Sue Apfelbaum managed to track down the logo’s designer, Stephanie Nash, and interviewed her in 2013 for an article about iconic New York music logos:
Finding out who designed it… that’s tricky. Graffiti artist turned designer Cey Adams, who did the hand-lettering on Run-DMC’s self-titled debut, is often given credit by mistake. When asked, Adams responded, “To this day, nobody really knows for sure exactly who did it.
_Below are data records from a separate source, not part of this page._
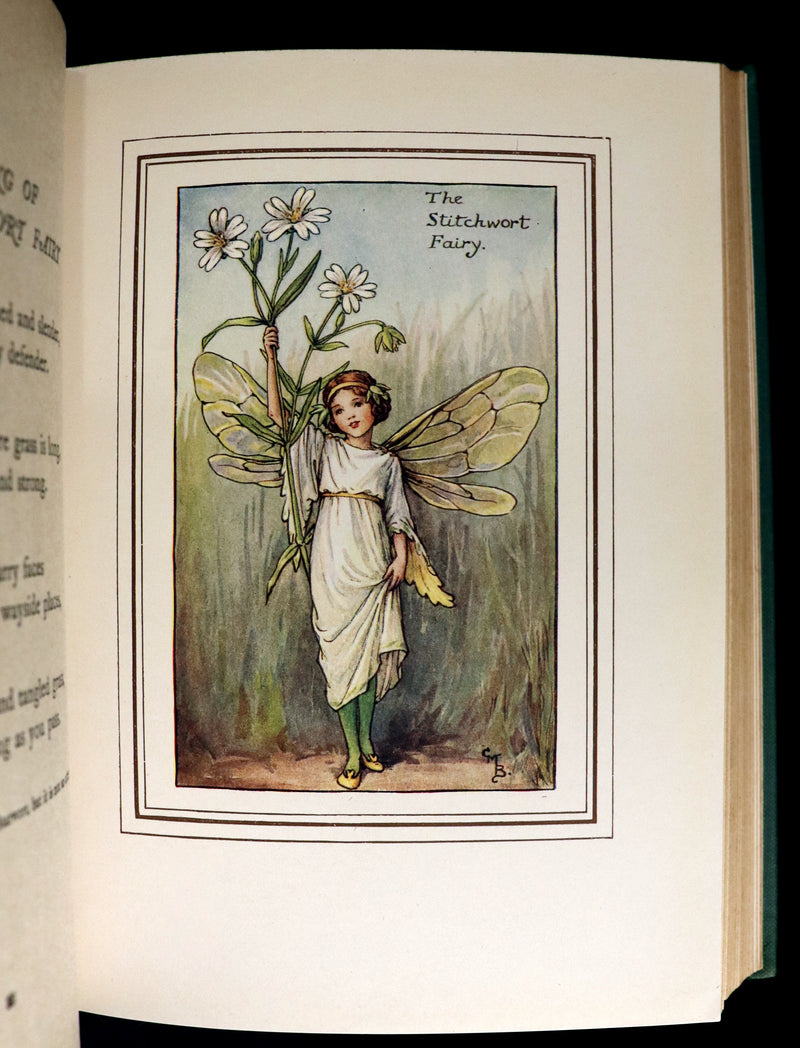 1950 Rare Book  - Cicely Mary Barker - THE BOOK OF THE FLOWER FAIRIES. Illustrated.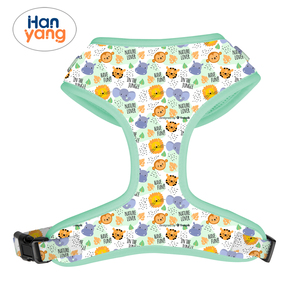 2023 yeni lüks ücretsiz örnek ön tıklayın sevimli özel desen toptan Pet köpek boyun ayarlanabilir çevre dostu köpek koşum seti - Product Image 1
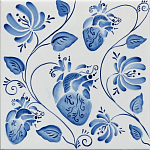Плитка с узором Сердце варинант исполнения - 2 | Loft Concept в Рязани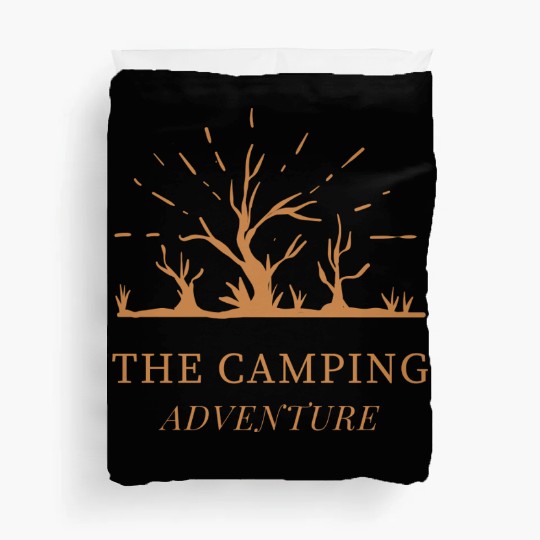 the camping advanture Duvet Covers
But it was done by a designer in England that did the King of Rock album and the ‘You Talk Too Much’ single [in 1985].” Now the truth is out: Ashley Newton, then the head of A&R at Island Records and now the CEO of Columbia, commissioned the logo from the label’s in-house team, specifically one Stephanie Nash.
Nash, now co-principal of Michael Nash Associates, a London design studio, did not expect any individual credit. “I remember listening [to the music] and thinking how visually typographic it was,” she says via email. “Rap was very inspirational for me at that time: large, meaningful, hard-hitting words used with such power that I had not heard before.” Her choice of the typeface came about simply: “At the time we had a limited number of fonts available, and Franklin Gothic was ‘tough’ and forthright without being old-fashioned or faddish. [It’s a] good, solid, no-nonsense font. Run-DMC’s name helped in having two sets of three letters.” The fact that it’s lasted so long she attributes to MF Benton, the typeface’s designer, and the strength of Run-DMC itself. “If the same graphic had been done for a pop band, it would not have acquired the same kudos.”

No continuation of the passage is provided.